*Prompt*
Transcribe the entries below exactly, starting with the line that has "АДМИНИСТРАТИВНАЯ ОТВЕТСТВЕННОСТЬ НАИБОЛЕЕ" and stopping after the line that has "Nail Salon Paradis 【パラディ】"; no pictures belong in the copy.

*Given data*
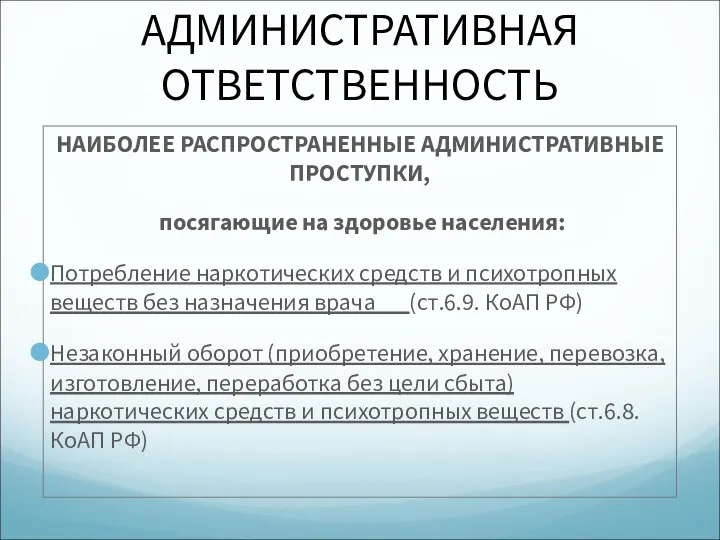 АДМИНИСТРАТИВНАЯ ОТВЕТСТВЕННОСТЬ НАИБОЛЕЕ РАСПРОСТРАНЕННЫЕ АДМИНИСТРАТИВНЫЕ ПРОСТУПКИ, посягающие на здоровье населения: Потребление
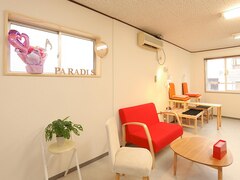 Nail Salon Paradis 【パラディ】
==
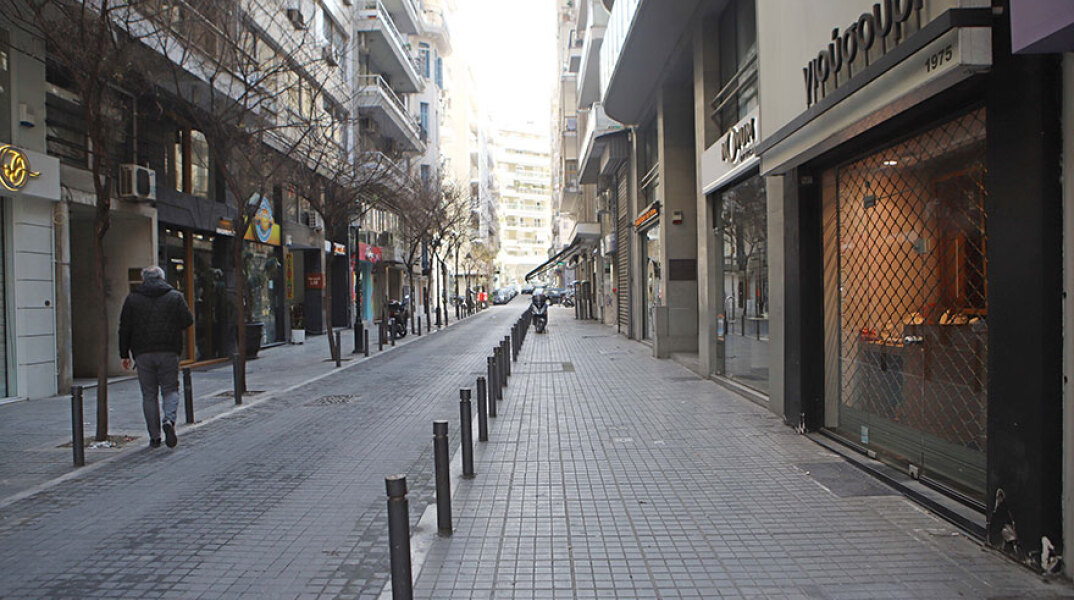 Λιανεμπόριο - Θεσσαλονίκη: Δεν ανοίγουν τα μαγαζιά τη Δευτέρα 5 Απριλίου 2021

*Written answer*
 АДМИНИСТРАТИВНАЯ ОТВЕТСТВЕННОСТЬ НАИБОЛЕЕ РАСПРОСТРАНЕННЫЕ АДМИНИСТРАТИВНЫЕ ПРОСТУПКИ, посягающие на здоровье населения: Потребление
 Nail Salon Paradis 【パラディ】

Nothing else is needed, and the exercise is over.